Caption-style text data
· · · · · · ·
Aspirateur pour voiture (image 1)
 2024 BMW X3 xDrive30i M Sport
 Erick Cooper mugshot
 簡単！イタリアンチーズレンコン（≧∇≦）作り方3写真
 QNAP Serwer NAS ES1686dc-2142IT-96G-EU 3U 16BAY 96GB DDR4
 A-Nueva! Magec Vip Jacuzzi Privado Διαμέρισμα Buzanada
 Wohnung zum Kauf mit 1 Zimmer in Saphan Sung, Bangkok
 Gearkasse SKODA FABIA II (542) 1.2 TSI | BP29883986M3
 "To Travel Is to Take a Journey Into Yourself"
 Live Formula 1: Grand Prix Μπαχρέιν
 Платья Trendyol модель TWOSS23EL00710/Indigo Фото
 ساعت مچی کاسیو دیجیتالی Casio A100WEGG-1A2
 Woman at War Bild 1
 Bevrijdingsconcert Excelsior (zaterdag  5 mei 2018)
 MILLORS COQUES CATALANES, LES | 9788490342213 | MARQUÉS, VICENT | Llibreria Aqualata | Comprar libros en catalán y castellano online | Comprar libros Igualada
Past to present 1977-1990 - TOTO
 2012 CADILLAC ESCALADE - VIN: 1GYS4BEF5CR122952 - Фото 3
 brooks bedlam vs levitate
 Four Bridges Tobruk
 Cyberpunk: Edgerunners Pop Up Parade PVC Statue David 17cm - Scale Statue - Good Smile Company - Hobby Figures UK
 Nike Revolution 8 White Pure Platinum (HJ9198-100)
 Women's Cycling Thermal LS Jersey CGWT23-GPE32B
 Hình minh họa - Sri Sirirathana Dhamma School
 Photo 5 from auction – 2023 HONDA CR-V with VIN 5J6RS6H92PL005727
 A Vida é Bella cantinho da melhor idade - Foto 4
· · · · · · ·
§ What is expected: Within the entries above, find the string "Фото" and return each line that holds it.

§ Result of the task:
 Платья Trendyol модель TWOSS23EL00710/Indigo Фото
 2012 CADILLAC ESCALADE - VIN: 1GYS4BEF5CR122952 - Фото 3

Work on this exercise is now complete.